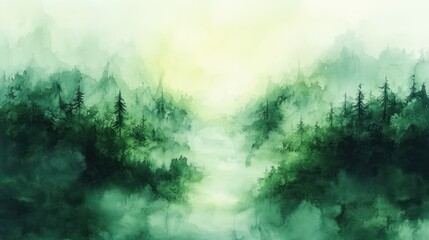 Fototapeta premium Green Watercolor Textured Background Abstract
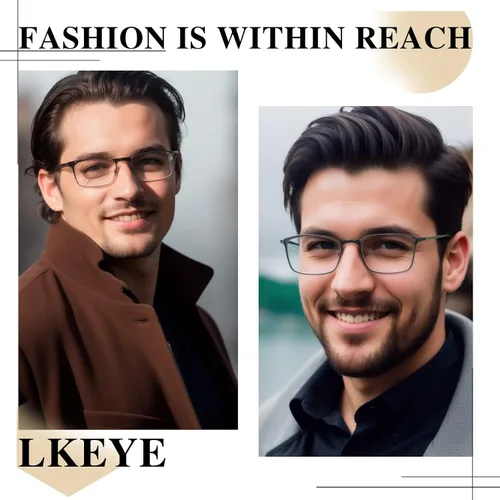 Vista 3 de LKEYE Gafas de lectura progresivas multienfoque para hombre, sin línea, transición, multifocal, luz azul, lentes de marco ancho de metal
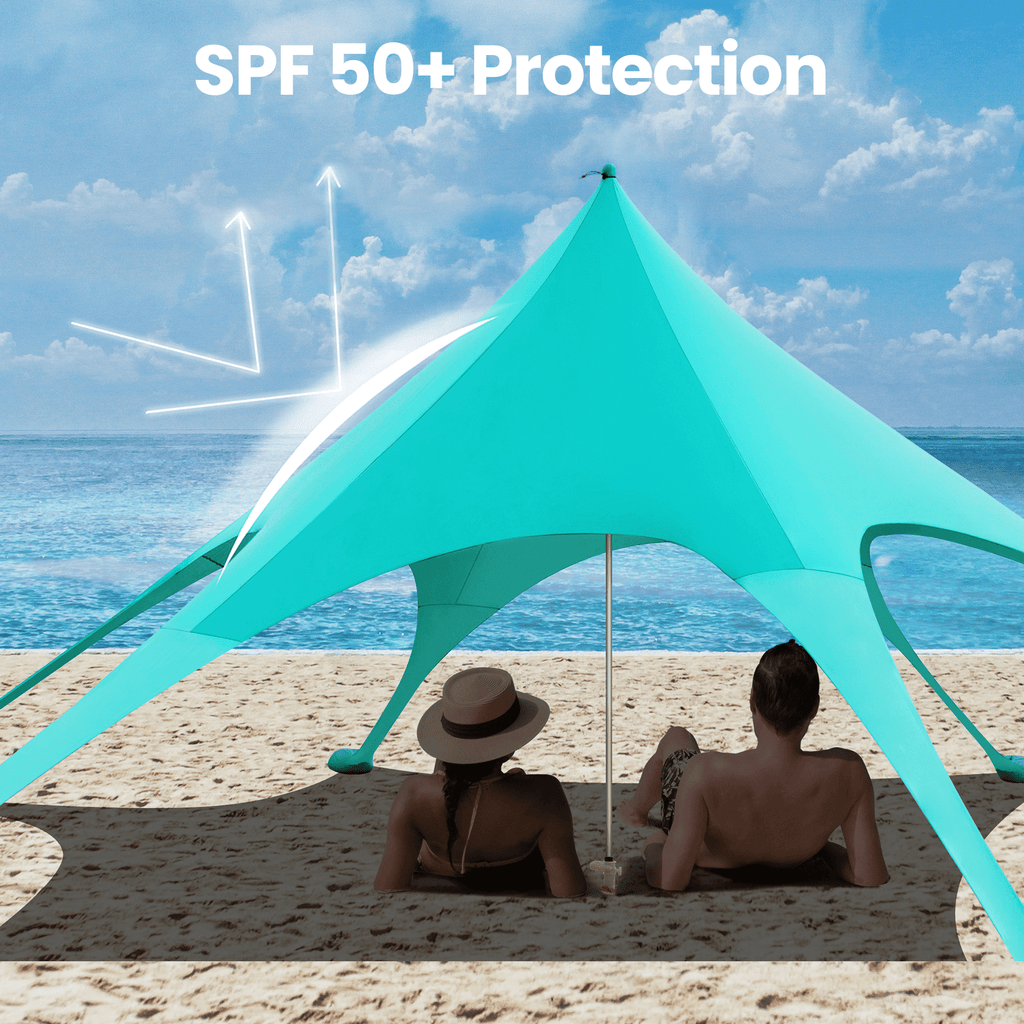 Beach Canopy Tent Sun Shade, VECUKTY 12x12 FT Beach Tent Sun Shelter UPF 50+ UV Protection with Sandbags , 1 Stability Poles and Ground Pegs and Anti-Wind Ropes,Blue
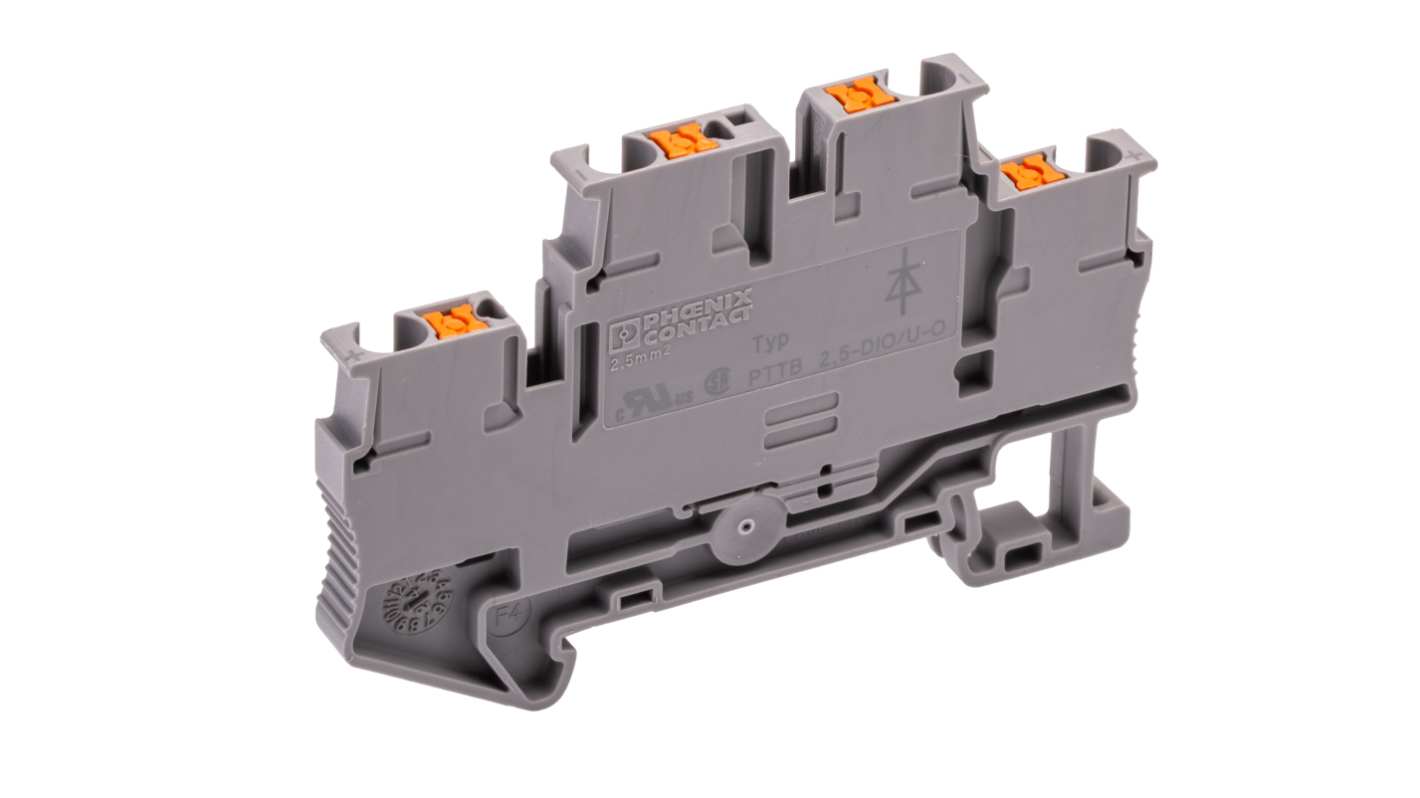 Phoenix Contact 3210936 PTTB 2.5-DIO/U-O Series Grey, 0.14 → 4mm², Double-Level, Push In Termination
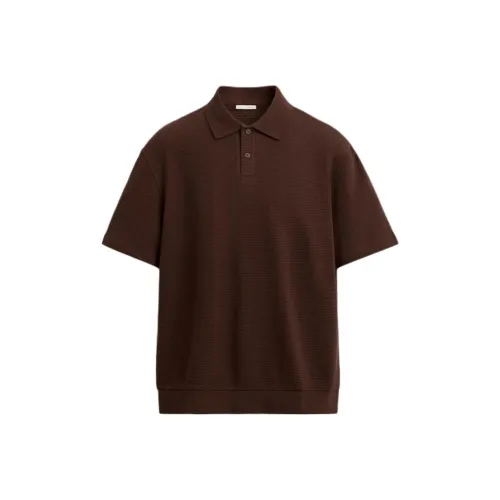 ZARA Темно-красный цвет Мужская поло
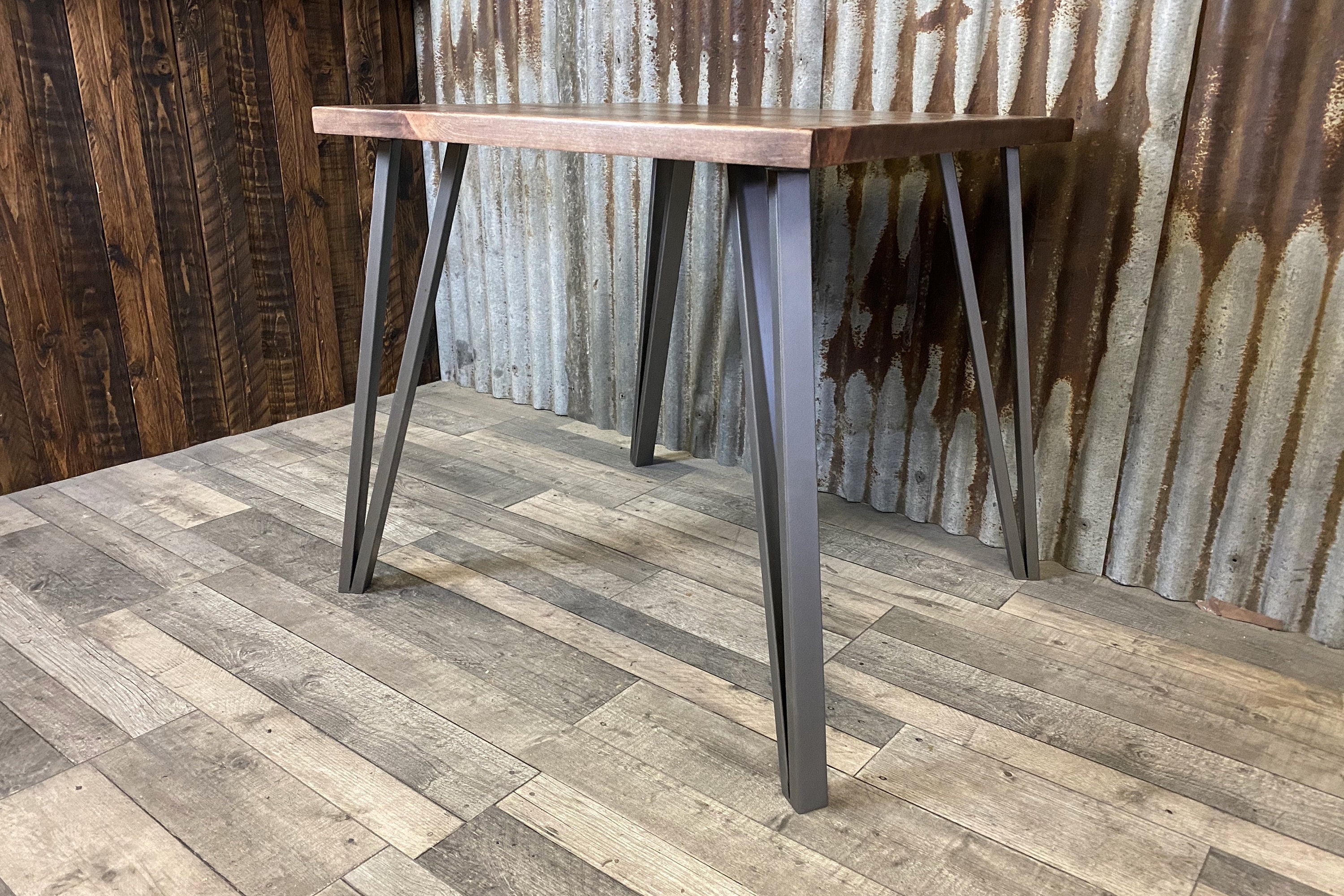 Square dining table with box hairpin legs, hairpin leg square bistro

.....

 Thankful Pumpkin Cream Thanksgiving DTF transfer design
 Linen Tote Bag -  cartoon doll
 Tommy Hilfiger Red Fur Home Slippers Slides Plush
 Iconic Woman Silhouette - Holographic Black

.....

#### ASSIGNMENT
The answer must be the lines above from the one containing "Fototapeta premium Green" through the one containing "Beach Canopy Tent", reproduced exactly, with no pictures and nothing else.

#### OUTPUT OF THE TASK
 Fototapeta premium Green Watercolor Textured Background Abstract
 Vista 3 de LKEYE Gafas de lectura progresivas multienfoque para hombre, sin línea, transición, multifocal, luz azul, lentes de marco ancho de metal
 Beach Canopy Tent Sun Shade, VECUKTY 12x12 FT Beach Tent Sun Shelter UPF 50+ UV Protection with Sandbags , 1 Stability Poles and Ground Pegs and Anti-Wind Ropes,Blue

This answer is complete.